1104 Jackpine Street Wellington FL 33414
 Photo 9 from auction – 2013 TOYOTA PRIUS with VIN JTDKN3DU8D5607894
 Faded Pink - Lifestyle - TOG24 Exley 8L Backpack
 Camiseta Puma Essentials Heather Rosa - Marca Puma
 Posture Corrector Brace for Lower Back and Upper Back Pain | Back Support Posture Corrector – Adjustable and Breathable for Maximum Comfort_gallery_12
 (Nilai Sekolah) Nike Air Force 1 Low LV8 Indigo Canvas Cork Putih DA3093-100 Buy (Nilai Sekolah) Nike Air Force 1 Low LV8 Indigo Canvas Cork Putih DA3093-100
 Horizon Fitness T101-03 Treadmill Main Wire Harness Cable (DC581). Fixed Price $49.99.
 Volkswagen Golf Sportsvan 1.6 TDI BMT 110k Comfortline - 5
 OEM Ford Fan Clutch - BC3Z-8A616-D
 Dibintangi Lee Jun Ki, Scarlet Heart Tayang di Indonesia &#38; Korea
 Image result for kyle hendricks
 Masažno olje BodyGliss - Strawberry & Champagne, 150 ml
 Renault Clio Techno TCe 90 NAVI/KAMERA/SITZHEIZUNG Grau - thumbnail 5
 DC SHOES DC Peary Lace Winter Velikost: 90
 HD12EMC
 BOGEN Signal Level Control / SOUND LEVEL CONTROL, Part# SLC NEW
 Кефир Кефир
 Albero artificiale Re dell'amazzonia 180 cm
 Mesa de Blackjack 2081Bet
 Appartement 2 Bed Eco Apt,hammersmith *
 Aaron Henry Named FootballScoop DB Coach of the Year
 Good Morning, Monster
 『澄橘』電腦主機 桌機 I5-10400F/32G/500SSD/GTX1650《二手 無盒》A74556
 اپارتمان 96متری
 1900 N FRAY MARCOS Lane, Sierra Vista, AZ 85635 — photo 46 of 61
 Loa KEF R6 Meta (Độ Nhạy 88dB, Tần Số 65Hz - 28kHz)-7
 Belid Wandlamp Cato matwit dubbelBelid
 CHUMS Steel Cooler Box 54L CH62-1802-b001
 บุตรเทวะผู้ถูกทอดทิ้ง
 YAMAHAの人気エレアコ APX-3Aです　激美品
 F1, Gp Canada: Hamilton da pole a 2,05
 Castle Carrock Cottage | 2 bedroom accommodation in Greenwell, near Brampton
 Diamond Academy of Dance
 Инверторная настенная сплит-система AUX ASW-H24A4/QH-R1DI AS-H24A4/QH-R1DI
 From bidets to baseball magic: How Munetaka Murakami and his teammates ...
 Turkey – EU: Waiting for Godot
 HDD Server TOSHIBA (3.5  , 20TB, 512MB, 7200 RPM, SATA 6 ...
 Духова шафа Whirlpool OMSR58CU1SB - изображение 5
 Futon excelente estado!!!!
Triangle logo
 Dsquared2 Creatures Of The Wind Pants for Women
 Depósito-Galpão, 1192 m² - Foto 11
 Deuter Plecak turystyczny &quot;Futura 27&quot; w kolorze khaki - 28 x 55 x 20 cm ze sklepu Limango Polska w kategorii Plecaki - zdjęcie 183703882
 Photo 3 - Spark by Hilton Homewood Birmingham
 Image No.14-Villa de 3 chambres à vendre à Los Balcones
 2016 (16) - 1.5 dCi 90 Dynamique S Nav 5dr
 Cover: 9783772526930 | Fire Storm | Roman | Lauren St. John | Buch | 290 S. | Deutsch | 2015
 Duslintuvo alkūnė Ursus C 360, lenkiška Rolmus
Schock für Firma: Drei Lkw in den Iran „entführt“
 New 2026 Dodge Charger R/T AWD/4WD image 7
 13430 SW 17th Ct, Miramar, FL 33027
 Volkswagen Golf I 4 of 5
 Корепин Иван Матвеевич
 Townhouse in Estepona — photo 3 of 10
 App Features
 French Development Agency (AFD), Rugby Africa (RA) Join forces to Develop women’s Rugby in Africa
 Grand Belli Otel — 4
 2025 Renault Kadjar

===

Where does the string "Renault" occur in the data above? Copy every line that holds it.

 Renault Clio Techno TCe 90 NAVI/KAMERA/SITZHEIZUNG Grau - thumbnail 5
 2025 Renault Kadjar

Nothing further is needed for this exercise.